* _What to do_
Lines from the line with "302 Madison Street, Kingston" to the line with "9 KINSMAN COURT S - 11" in the entries below, and only those, must be output exactly, with both ends included.

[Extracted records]
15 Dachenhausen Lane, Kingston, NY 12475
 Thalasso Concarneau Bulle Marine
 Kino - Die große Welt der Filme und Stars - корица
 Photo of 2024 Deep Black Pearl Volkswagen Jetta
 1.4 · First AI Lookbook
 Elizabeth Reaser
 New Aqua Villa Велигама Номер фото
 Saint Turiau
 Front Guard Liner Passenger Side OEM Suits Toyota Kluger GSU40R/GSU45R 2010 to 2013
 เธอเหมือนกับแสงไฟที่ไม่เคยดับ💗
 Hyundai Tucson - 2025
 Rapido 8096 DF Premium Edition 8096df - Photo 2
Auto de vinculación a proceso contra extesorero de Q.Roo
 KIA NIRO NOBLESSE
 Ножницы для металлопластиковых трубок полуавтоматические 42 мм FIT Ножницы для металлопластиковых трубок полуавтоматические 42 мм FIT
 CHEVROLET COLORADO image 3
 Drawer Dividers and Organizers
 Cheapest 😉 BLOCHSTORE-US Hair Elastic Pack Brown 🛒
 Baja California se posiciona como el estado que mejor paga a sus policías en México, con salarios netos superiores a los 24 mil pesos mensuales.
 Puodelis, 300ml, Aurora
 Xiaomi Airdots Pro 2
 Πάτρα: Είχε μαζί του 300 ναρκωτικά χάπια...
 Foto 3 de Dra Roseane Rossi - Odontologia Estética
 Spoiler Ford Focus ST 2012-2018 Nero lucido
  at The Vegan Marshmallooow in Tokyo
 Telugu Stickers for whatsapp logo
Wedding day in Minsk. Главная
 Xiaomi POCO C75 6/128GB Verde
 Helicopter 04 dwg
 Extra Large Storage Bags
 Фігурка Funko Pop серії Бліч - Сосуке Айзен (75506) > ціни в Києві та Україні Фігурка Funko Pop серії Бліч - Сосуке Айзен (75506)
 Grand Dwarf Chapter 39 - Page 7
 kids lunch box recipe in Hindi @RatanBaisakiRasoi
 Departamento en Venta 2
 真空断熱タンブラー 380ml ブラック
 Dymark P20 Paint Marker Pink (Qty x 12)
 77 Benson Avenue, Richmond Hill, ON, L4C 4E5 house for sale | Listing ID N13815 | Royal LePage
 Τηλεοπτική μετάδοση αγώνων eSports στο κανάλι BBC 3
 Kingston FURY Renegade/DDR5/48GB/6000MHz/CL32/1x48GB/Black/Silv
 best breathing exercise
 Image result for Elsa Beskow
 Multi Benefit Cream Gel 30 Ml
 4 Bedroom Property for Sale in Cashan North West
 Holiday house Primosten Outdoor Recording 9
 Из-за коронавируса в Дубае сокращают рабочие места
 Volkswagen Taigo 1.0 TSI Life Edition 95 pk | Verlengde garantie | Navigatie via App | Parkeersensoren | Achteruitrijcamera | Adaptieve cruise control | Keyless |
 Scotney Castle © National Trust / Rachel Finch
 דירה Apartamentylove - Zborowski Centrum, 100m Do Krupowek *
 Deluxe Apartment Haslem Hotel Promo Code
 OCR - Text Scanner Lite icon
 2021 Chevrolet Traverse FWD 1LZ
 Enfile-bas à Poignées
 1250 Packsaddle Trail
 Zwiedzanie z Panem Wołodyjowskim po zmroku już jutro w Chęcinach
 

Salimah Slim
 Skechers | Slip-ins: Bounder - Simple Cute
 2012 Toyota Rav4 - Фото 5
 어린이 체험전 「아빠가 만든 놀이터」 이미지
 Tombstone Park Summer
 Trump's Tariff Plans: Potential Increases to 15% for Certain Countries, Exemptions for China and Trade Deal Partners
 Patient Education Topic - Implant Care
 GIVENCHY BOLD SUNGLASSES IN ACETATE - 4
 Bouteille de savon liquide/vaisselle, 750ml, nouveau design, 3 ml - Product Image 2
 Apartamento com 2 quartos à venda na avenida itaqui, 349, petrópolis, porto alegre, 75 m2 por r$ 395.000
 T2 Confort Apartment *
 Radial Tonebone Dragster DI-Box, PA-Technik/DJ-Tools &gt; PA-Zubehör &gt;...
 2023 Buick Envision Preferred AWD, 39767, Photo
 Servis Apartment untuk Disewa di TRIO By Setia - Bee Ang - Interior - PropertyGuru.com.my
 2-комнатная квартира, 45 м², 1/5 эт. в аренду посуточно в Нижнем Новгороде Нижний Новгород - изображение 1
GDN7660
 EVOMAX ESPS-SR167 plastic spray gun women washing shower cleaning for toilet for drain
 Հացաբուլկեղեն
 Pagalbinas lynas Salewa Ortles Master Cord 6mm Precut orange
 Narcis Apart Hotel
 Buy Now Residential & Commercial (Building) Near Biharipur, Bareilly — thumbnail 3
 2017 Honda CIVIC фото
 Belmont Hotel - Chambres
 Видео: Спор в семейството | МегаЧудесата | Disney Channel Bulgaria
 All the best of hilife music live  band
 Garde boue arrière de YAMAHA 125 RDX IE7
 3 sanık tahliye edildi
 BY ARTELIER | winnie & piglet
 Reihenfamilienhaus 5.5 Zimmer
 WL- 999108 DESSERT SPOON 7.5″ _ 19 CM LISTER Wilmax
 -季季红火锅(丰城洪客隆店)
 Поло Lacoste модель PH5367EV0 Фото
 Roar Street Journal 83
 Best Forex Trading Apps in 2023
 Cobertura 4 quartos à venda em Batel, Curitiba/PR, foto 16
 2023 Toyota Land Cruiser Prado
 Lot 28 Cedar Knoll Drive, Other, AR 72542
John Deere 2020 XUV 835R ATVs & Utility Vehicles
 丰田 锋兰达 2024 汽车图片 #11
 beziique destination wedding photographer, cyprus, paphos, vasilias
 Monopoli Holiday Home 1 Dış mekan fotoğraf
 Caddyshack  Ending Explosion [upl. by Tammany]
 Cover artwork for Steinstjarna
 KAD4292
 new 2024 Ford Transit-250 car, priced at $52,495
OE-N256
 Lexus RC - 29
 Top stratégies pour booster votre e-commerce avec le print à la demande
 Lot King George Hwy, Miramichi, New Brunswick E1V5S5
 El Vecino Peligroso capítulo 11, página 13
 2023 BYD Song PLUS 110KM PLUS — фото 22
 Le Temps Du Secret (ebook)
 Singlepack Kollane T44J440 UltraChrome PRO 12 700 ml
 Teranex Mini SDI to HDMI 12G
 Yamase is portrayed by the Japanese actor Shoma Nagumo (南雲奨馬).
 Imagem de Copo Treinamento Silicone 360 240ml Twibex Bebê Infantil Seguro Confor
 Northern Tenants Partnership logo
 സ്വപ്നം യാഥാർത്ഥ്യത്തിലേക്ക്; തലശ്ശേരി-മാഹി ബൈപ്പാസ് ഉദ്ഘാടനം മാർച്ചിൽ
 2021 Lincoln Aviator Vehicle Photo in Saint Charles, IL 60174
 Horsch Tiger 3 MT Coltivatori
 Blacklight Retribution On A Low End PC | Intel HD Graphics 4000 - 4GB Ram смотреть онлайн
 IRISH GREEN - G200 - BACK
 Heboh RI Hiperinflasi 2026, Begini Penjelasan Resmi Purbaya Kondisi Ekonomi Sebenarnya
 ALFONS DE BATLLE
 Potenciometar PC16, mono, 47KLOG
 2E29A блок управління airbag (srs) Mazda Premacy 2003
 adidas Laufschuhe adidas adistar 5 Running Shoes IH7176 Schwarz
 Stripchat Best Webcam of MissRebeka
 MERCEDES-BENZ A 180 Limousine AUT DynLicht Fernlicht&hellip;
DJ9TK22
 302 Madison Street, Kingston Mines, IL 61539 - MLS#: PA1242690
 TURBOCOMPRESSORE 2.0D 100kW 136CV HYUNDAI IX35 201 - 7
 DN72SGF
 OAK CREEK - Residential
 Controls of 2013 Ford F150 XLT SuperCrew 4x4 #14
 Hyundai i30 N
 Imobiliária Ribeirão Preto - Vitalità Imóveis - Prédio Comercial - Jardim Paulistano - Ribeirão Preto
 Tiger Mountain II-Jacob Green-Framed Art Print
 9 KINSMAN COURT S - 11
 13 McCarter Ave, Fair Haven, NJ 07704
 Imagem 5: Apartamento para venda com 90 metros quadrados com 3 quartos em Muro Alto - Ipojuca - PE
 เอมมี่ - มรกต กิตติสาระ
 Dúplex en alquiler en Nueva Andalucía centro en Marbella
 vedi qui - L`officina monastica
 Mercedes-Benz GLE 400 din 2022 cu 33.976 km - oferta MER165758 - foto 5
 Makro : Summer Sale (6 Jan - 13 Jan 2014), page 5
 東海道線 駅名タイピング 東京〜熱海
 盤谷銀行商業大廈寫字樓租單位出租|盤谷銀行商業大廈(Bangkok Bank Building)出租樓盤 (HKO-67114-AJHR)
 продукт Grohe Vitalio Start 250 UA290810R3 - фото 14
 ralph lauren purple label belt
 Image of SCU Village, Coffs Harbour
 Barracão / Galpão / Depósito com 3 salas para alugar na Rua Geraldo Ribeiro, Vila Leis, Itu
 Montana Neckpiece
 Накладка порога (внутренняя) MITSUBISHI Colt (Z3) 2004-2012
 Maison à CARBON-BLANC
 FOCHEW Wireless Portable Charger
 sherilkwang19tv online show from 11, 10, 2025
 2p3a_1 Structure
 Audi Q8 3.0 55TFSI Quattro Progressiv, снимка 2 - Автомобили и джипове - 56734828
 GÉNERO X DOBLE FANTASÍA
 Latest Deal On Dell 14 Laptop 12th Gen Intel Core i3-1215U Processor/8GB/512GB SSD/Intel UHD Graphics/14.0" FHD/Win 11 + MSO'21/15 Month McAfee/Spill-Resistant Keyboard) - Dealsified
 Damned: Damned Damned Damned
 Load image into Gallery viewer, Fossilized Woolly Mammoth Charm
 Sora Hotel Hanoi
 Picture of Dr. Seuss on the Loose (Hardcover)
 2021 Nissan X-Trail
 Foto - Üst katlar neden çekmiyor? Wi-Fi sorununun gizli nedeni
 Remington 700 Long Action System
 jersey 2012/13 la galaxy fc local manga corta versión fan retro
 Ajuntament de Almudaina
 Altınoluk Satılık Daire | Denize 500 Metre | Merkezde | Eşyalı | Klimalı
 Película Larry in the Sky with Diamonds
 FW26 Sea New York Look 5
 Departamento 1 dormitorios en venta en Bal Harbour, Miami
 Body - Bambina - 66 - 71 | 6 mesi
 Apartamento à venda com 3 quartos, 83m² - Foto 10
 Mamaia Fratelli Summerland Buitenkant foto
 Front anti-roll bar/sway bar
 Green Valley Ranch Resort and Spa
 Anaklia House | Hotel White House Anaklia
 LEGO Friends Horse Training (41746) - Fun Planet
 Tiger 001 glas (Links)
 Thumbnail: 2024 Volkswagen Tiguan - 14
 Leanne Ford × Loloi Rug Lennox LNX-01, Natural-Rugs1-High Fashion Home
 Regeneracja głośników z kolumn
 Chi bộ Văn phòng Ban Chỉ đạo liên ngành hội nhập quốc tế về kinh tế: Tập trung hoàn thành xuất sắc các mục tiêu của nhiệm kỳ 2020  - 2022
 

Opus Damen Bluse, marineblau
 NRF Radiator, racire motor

* _Answer to this exercise_
 302 Madison Street, Kingston Mines, IL 61539 - MLS#: PA1242690
 TURBOCOMPRESSORE 2.0D 100kW 136CV HYUNDAI IX35 201 - 7
 DN72SGF
 OAK CREEK - Residential
 Controls of 2013 Ford F150 XLT SuperCrew 4x4 #14
 Hyundai i30 N
 Imobiliária Ribeirão Preto - Vitalità Imóveis - Prédio Comercial - Jardim Paulistano - Ribeirão Preto
 Tiger Mountain II-Jacob Green-Framed Art Print
 9 KINSMAN COURT S - 11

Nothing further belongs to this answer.